SULU SEA – Piracy and terrorism

Kidnapping in the Sulu Sea: Implications on Terrorism in the Philippines
Sulu Sea

Southern Philippine Islands

On September 23, a group of seven gunmen aboard two pump boats ambushed and seized three fishermen off the coast of East Sabah, in a sign of how the Islamic State (IS) and its affiliated networks continue to trouble the Southeast Asian region. The latest attack follows a surge in ambushes and kidnappings in the last two years along the Sulu Seas, which encompasses the waters around Indonesia, Malaysia’s eastern Sabah state and the Philippines, and has long been a hotspot for piracy and sea robbery.

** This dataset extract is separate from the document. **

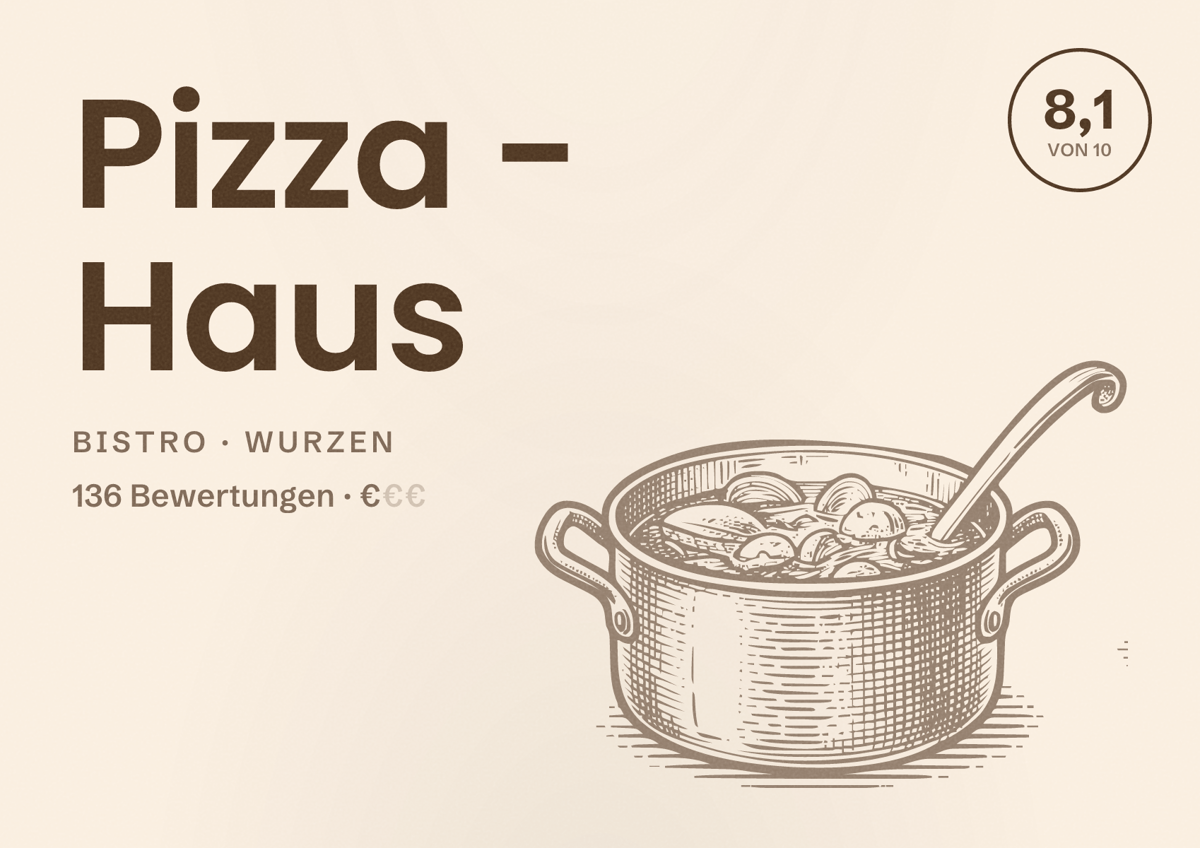 Illustriertes Poster von Pizza - Haus, Bistro in Wurzen: Bewertung 8,1 von 10 aus 136 Bewertungen, Preisniveau €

Although there was no claim of responsibility, the attackers are said to be members of an Abu Sayyaf splinter group affiliated with the Islamic State (IS) in Sulu province. It is believed the seven gunman, who were masked, boarded two fishing vessels around midday local time, and abducted three crew members.

For Abu Sayyaf, which has long been based on the remote and forested terrain along the southern Philippine islands, such attacks have traditionally been used as a fundraising tactic. The group is reported to have earned several million dollars from kidnappings, bombings and ambushes, often targeting foreigners. In certain instances, the group has beheaded hostages when ransom money was not paid. Notably, while previous incidents took place in darkness, which usually enabled the attackers to make a quick getaway, the latest incident occurred in broad daylight.